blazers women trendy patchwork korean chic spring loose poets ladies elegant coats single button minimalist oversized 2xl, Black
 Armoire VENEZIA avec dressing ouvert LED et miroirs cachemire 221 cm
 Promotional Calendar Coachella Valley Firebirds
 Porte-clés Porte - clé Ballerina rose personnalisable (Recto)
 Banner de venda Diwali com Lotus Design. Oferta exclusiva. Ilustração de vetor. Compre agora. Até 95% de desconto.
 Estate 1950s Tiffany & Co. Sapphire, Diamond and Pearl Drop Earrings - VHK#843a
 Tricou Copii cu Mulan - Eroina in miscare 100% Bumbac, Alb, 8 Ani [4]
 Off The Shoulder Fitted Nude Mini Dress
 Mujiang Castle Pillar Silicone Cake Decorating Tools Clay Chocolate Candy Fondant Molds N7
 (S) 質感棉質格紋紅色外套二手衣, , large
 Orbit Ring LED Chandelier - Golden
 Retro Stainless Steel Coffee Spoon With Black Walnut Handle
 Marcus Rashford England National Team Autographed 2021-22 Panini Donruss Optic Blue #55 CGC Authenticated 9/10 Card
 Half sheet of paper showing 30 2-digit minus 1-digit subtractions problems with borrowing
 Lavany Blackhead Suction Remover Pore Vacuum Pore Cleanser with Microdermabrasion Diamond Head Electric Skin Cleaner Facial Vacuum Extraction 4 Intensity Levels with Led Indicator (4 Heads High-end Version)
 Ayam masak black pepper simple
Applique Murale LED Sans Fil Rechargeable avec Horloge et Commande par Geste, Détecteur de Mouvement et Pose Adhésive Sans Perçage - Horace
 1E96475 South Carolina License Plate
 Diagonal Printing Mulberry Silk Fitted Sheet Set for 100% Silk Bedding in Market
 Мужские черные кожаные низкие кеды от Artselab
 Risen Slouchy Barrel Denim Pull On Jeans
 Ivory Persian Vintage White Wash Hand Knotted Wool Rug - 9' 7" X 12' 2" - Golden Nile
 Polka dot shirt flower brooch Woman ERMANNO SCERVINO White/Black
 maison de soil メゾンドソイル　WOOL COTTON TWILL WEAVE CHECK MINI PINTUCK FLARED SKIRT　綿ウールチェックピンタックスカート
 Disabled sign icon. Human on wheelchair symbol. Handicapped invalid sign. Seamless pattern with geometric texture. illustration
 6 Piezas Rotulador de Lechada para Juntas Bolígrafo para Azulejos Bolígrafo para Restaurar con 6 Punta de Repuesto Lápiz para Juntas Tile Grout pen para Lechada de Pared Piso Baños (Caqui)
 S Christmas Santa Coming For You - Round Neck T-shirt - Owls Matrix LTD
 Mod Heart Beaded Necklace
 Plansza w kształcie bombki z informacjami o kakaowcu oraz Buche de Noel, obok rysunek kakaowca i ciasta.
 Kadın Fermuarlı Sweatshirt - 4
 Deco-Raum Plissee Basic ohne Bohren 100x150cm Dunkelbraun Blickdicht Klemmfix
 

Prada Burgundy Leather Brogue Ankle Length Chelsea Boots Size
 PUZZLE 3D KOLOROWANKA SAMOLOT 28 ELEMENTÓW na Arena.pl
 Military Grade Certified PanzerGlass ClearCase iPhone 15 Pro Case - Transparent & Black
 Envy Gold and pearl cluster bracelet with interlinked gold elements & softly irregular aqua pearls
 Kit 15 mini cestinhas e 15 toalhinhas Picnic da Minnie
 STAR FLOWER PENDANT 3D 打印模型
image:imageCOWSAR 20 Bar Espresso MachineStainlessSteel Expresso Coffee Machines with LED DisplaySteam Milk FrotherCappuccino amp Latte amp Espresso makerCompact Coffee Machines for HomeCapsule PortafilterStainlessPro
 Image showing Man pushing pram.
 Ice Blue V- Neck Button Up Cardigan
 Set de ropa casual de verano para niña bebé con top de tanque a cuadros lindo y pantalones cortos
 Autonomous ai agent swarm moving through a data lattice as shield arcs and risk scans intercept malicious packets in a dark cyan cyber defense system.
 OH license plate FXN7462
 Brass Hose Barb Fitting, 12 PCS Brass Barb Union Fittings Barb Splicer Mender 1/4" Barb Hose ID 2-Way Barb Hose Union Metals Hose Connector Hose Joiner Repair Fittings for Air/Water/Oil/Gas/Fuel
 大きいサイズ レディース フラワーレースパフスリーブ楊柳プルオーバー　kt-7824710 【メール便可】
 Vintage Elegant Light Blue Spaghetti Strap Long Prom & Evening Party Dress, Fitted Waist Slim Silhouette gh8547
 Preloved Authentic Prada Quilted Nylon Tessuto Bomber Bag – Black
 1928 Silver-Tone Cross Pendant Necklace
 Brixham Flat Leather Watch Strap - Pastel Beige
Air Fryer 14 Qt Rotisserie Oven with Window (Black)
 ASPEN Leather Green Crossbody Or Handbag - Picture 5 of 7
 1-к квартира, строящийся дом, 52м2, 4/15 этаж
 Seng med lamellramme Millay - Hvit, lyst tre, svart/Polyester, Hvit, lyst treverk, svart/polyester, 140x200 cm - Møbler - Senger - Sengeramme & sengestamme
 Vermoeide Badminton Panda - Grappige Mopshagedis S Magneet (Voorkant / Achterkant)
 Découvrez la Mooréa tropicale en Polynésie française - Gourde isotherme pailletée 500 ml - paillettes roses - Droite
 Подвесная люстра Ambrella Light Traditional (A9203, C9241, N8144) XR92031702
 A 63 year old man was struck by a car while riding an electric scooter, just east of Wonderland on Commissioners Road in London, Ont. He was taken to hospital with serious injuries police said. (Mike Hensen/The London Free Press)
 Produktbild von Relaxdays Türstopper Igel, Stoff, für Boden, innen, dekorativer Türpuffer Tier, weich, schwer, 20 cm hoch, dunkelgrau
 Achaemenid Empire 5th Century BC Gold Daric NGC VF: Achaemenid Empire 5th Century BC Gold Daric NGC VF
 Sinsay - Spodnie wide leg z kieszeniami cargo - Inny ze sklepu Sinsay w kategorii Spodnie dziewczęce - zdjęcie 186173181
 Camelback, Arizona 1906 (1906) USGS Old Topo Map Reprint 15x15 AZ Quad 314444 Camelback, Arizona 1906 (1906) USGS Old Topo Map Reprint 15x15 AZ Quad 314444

DESCRIPTION OF THE TASK
The answer must consist of every line from the listing above that includes the word "Golden".

OUTPUT BELOW
 Orbit Ring LED Chandelier - Golden
 Ivory Persian Vintage White Wash Hand Knotted Wool Rug - 9' 7" X 12' 2" - Golden Nile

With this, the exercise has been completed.